Energy: The Time Frame for the Transition to Renewable Sources and the Question of European Power
 
 
For quite a considerable time now, scientists and economists have been debating the question of the possible depletion of the traditional (so-called non-renewable) energy sources that constitute the basis of the global economy and are the irreplaceable driving force behind growth in the developing world. Given the clear nature of these resources (oil, gas, coal, uranium) — they are “non infinite” and non renewable —, the debate, which has now reached the mainstream media, focuses on two crucial and inter-related questions: a) How many years or decades can we reasonably expect to elapse before these energy sources are completely depleted? And b) What technical and financial resources will have to be employed, and in what quantities, in order to develop economically acceptable solutions based on the use of replacement “renewable” sources of energy, such as photovoltaic solar systems, hydrogen, fuel derived from agricultural products, etc. (and again, what time frame are we looking at?)? This is a debate that is unfolding alongside and often overlapping another dramatic issue facing today’s world: the risk that the continued and indiscriminate consumption of fossil fuels, and the consequent increase in the gases responsible for the greenhouse effect, might worsen dramatically, maybe irretrievably, the conditions of life on our planet.
It is over this question of the “time” that remains in order to complete this transition that the experts are divided. The first scientific studies aiming to identify the production-consumption ratio (albeit with reference only to oil) date back to the mid-1950s and to the work of American geologist M. King Hubbert who, based in the laboratories of Shell Oil in Houston, calculated that production of crude oil in the United States would peak (hence the term Hubbert’s peak) at the start of the 1970s, after which it would, gradually and inexorably, decline. With the benefit of hindsight, we know that Hubbert’s calculations were correct and that the USA’s oil production peak did, indeed, come in 1970.
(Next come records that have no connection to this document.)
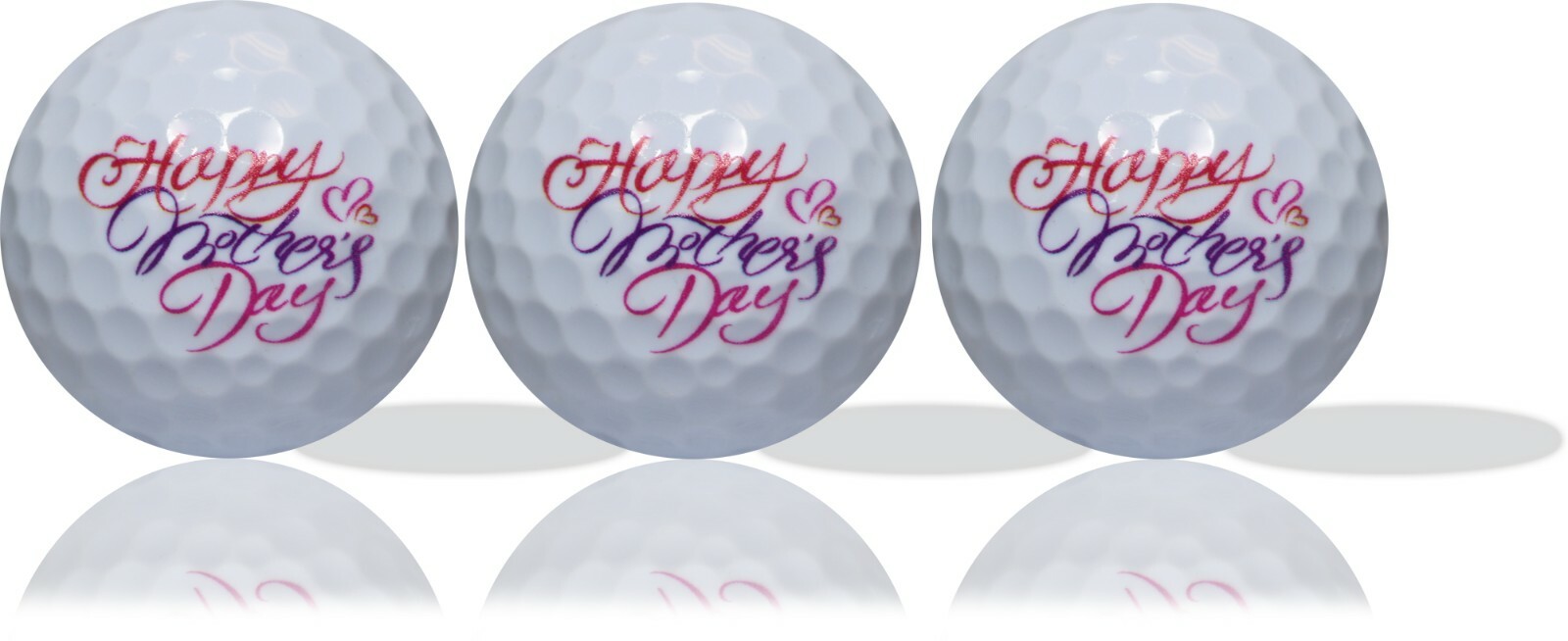 Happy Mothers Day Golf Balls 3 Pack - Perfect Gift Idea!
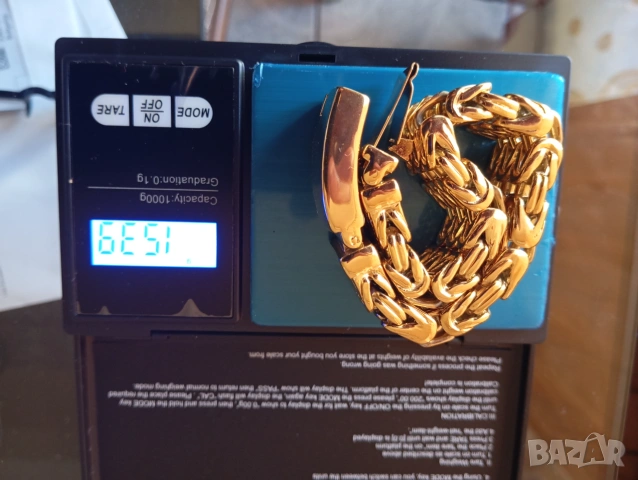 МАСИВНА ПОЗЛАТЕНА ГРИВНА - 153.90 ГРАМА, снимка 9 - Гривни - 55223679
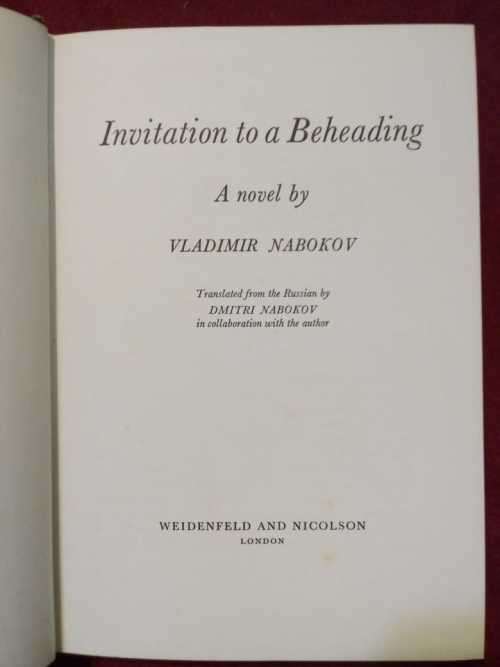 Invitation To A Beheading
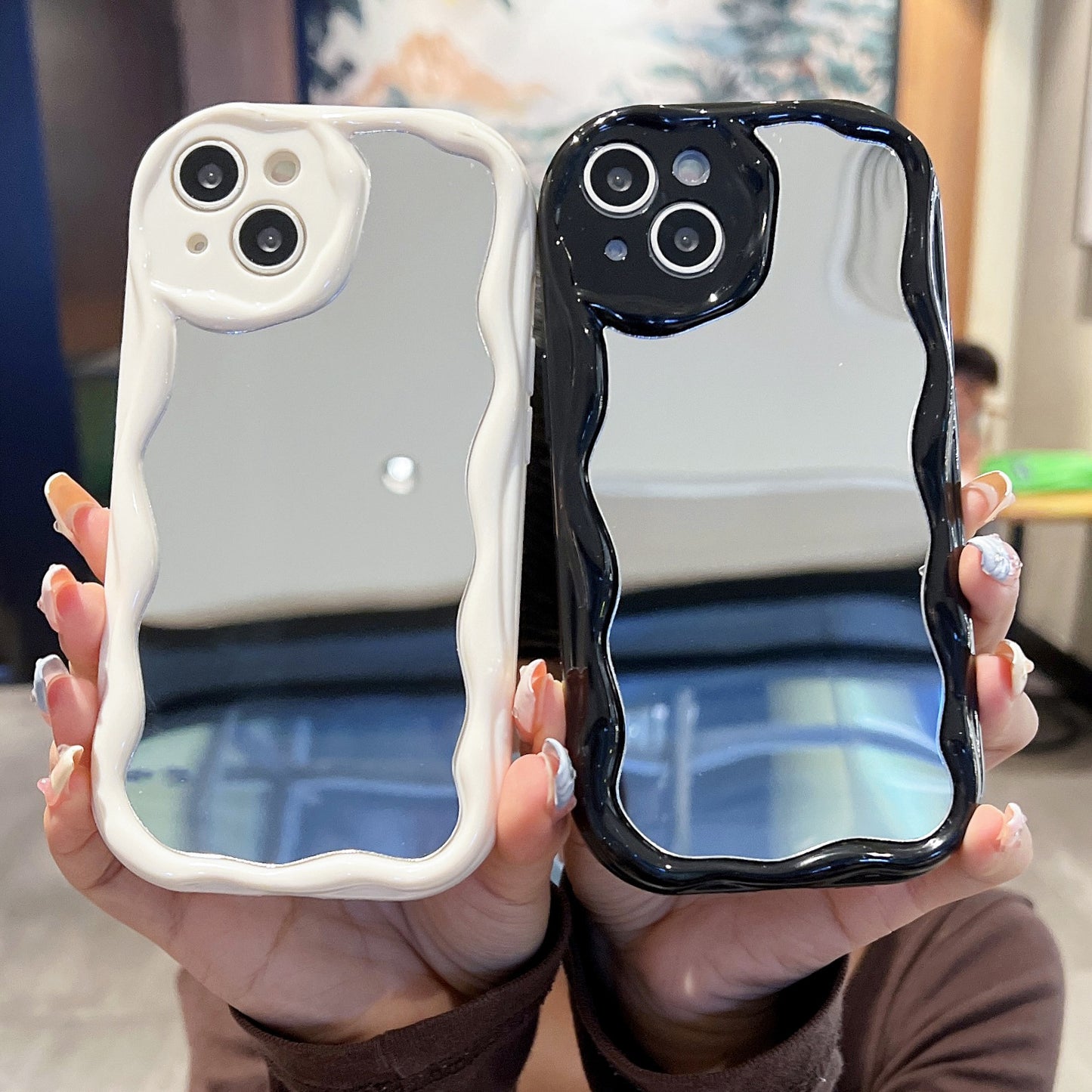 Cream Pattern Mirror Phone Case Drop-resistant Transparent Case 27d191a5 cb80 41d4 8fe4 77d4b9b75a6b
Hubbert himself, and others in his wake, endeavoured to extend these analyses and to work out on a global level how long it would take for energy sources to run out completely. Obviously, enormous difficulties were encountered in the course of these latter studies (compared to those conducted in the United States, where the data available had been reliable and plentiful), on account of uncertainty over (or partial ignorance of) the real extent of the world reserves. At the end of the 1980s, for example, many of the leading OPEC oil-producing countries reported sudden increases in their proven oil reserves but failed, however, to supply details that would have allowed these figures to be verified. Leaving aside the more technical aspects of these studies, which were nevertheless based on solid (albeit prevalently statistical) scientific methods, what must be underlined here are their conclusions, which, to a great extent, highlight that the “supply/demand” ratio for oil will reach its “highest point” sometime in the next ten years.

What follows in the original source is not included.